## Task to carry out
Everything from the first line of the data through the line with "Now that the" is to be echoed exactly, minus the pictures.

## Excerpted data
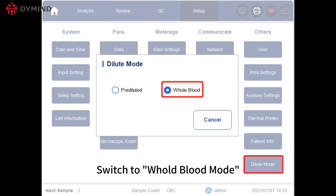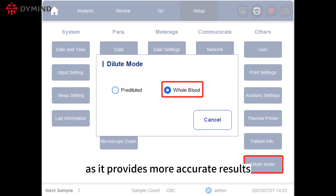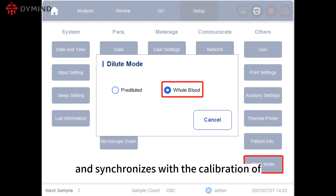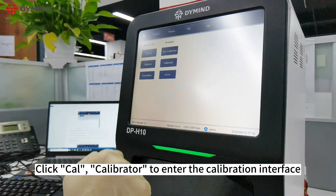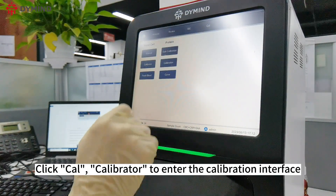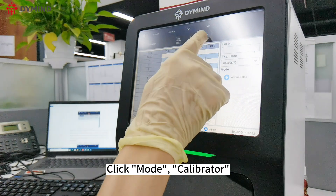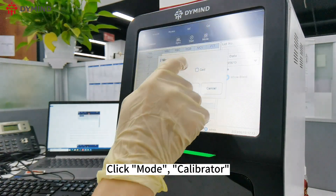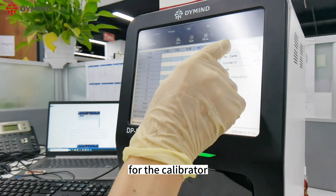Switch to Whole Blood mode — we recommend using this mode for calibration as it provides more accurate results and synchronizes with the calibration of the pre-dilution mode. Click CAL, then Calibrator to enter the calibration interface. Click Mode Calibrator and enter the relevant batch number information for the calibrator.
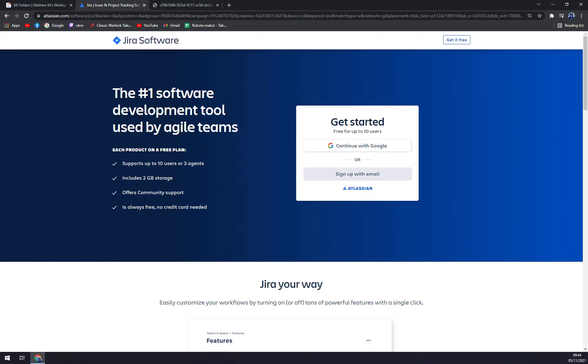Jira is an advanced project management solution built for agile teams. It helps developers plan, track, and release authentic software in real time. Detailed reports offered by Jira enable teams to improve their performance in an efficient manner.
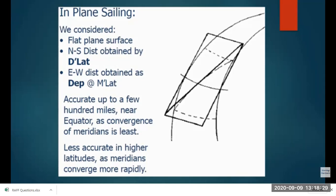At the poles, the convergence of meridians is maximum, and at the equator it is least, so plane sailing is good near the equator. Plane sailing is less accurate at higher latitudes because the meridians are converging rapidly. The higher you go, the more errors you will get while calculating the distance, courses, and all that.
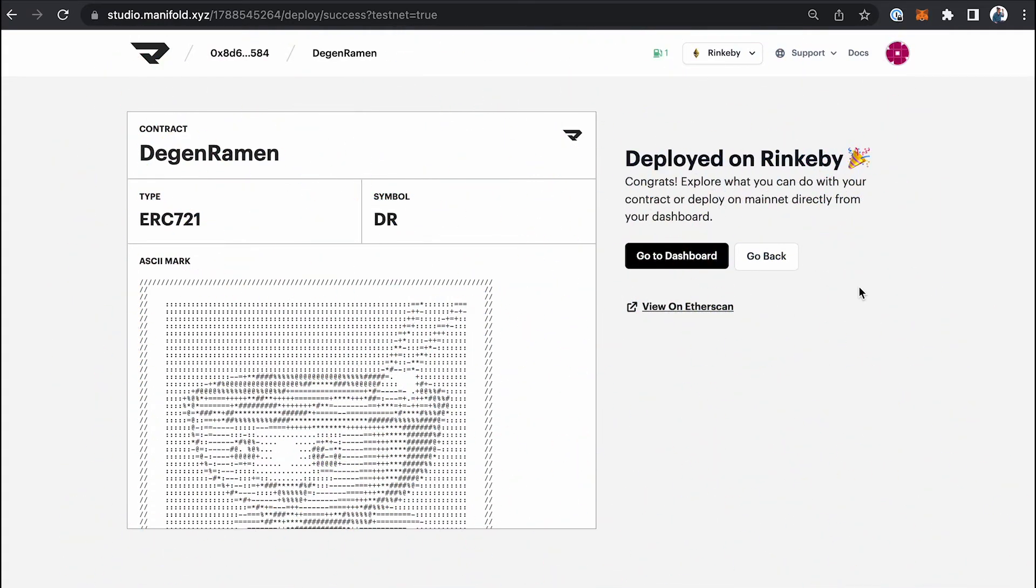Now that the contract is deployed, in the next video, let's go ahead and take a look at how this looks on Etherscan.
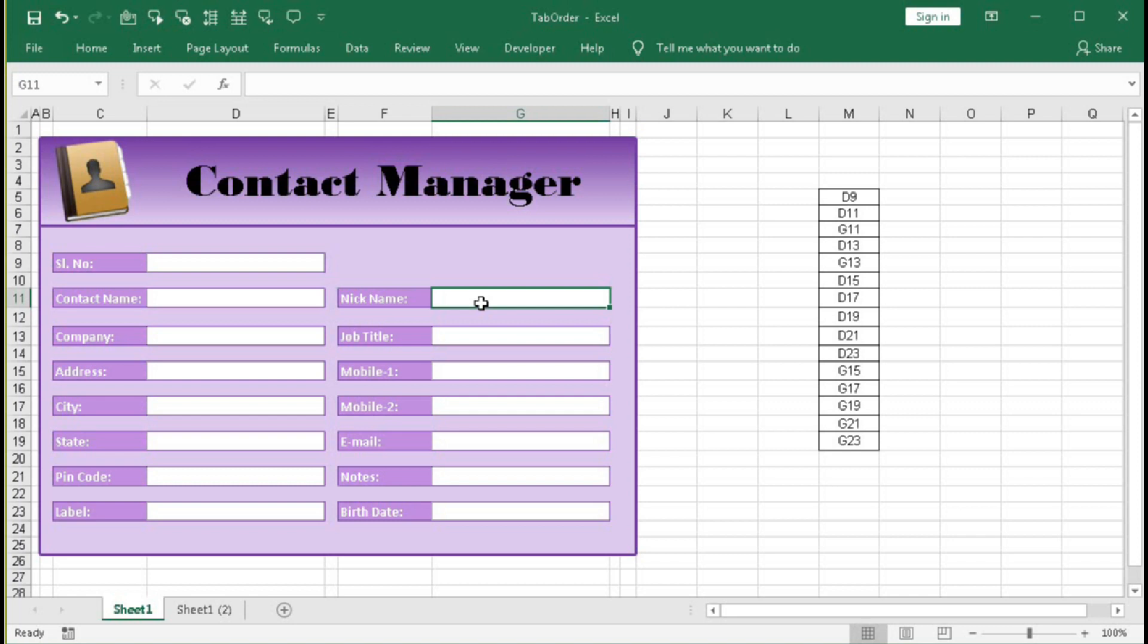But this will be very hectic job to do in this way. So for that reason tab order is very essential so that when you press tab it directly moves to here, then here, the order you set. So let's see how this tab order works.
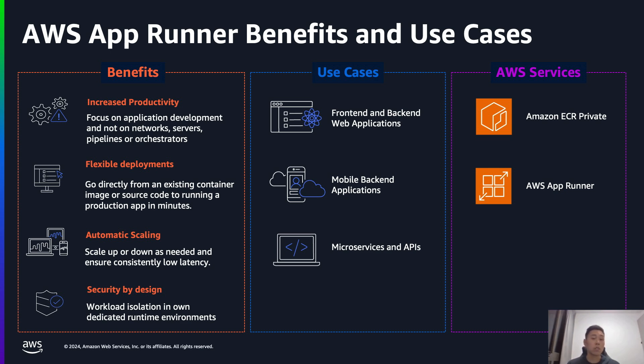You may already be using Jenkins or GitLab or a variety of other CI-CD pipelines. You can, of course, keep those as is. Push your images into ECR as the last step. And then App Runner can watch the ECR repository, grab the tagged image, and be able to deploy that for you.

## Task answer
Switch to Whole Blood mode — we recommend using this mode for calibration as it provides more accurate results and synchronizes with the calibration of the pre-dilution mode. Click CAL, then Calibrator to enter the calibration interface. Click Mode Calibrator and enter the relevant batch number information for the calibrator.
Jira is an advanced project management solution built for agile teams. It helps developers plan, track, and release authentic software in real time. Detailed reports offered by Jira enable teams to improve their performance in an efficient manner.
At the poles, the convergence of meridians is maximum, and at the equator it is least, so plane sailing is good near the equator. Plane sailing is less accurate at higher latitudes because the meridians are converging rapidly. The higher you go, the more errors you will get while calculating the distance, courses, and all that.
Now that the contract is deployed, in the next video, let's go ahead and take a look at how this looks on Etherscan.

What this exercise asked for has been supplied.